Abstract:
A method and apparatus for combining video signals with key signals whilst maintaining the integrity of the video signal and minimizing the effect of alias components. An analyser detects whether there are any high frequency components which would otherwise cause alias components. If such high frequency components are present, then low-pass filtering occurs. If such high frequency components are not present, then no unnecessary filtering occurs so as to maintain the absolute integrity of the video signal.

Description:
INTRODUCTION 
     The present invention relates to a method and apparatus for combining video with key signals without violating the limitation set by the normal sampling frequency (typically 13.5 MHz) and without degrading the video image. 
     In a digital television system the video is sampled in time by a digital sampling clock to produce a series of digital values representing the video at points in time defined by the sampling clock. In order to accurately represent the video signal the frequency of the sampling clock Fs must be at least twice the highest frequency contained within the video signal which may extend over the frequency range zero to Fv, thus the minimum value of Fs is defined by Fs&gt;2Fv. Conventionally a sampling frequency in digital television processing is 13.5 MHz which is used to sample video signals with a bandwidth extending to 5.75 MHz with minimal energy over 6.75 MHz. 
     In a video mixer the video signal may be modified by a time varying key signal.

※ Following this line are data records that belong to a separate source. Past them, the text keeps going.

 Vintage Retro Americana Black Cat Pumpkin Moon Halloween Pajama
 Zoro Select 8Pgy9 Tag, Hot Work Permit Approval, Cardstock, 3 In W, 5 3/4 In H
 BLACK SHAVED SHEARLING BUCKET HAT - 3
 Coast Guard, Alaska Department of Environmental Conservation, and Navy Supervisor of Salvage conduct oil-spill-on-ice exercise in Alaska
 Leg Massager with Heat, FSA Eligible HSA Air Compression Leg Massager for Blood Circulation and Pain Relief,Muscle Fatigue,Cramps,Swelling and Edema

In a digital implementation of a video mixer the key signal is sampled by a sampling clock and may convey information in a defined frequency range zero to a maximum frequency Fk. When the video signal is modified by multiplication with a key signal; if the video signal contains spectral components in the range zero to Fv and the key signal contains frequency components zero to Fk, then the resultant spectrum of the signal after multiplication will contain frequency components in the range zero to Fv+Fk. For this to accurately represent the required processed video signal the sum of Fv+Fk must now be less than one half of the sampling frequency i.e. Fs&gt;2(Fv+Fk). If this condition is not met unwanted frequency components known as alias components will be generated within the frequency range Fs-(Fv+Fk) to Fs/2. 

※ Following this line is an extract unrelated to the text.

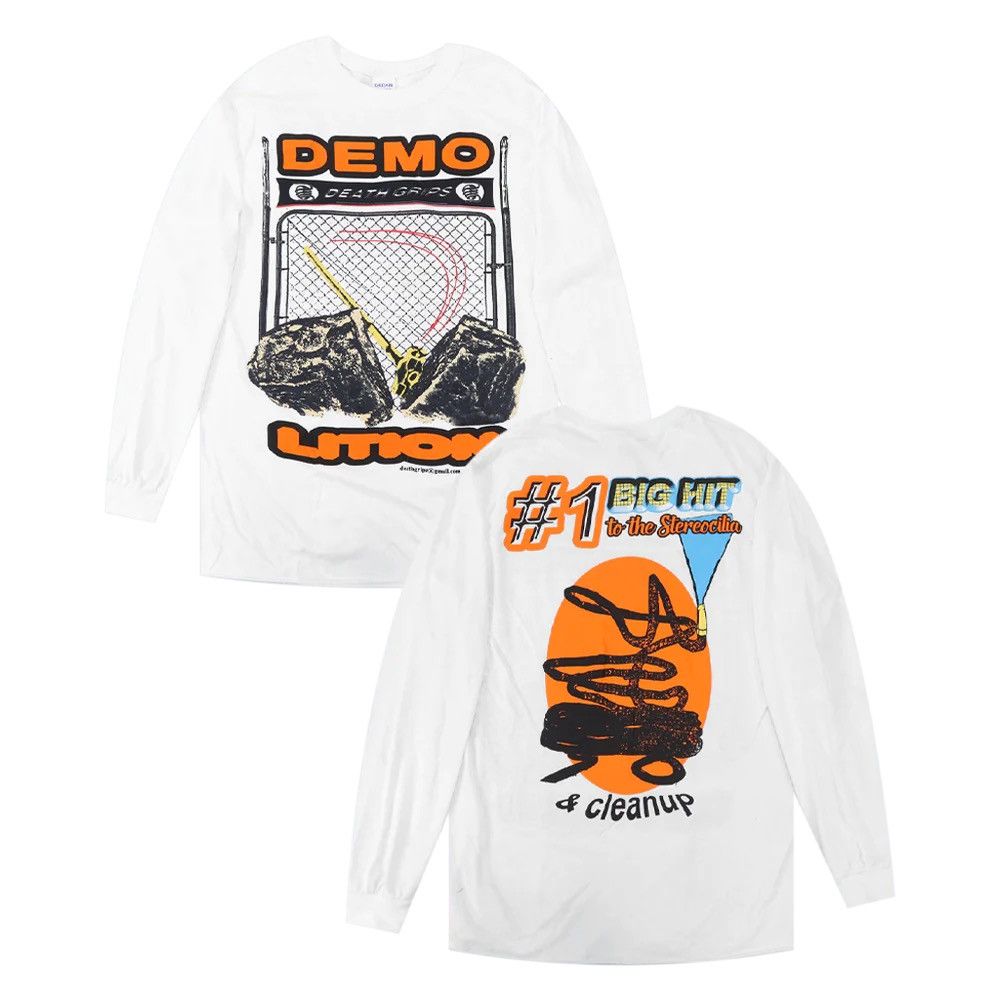 image of Death Grips Demolition Long Sleeve in White, Men's (Size Large)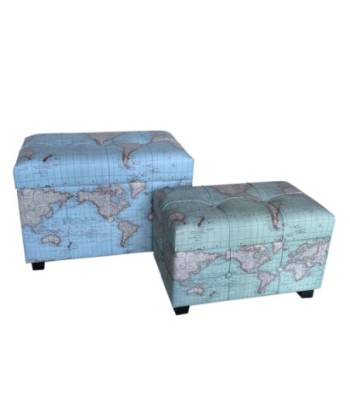 By SIGRIS Baúl Azul de MDF y PVC 43*37*60cm Set de 2 Unidades Set 2 baules mundo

     Typically both the video and key signals are upsampled to at least 2Fs by interpolating intermediate digital samples from the values of at least adjacent digital samples in the data stream prior to modification by multiplication, thus avoiding alias components being generated. However when this new stream with a zero to (Fv+Fk) frequency range is downsampled to a sampling frequency of Fs, alias components may be generated. This is typically overcome by low-pass filtering prior to downsampling the signal. Downsampling to Fs is implemented by decimating digital samples in the data stream. For downsampling 2Fs to Fs every other sample in the data stream is removed. 
     The present invention aims to overcome this problem in a unique manner. Thus the present invention relates to a method of detecting when high frequency components in excess of half of the output sampling frequency have been generated, these frequency components would generate alias components if the signal were simply downsampled. According to the present invention a signal analyser is used to detect the presence of such high frequency components. When such components are detected a low pass filter is introduced prior to downsampling. However when no high frequency components are detected then unnecessary filtering of the signal can be avoided and absolute integrity of the input video signal can be maintained.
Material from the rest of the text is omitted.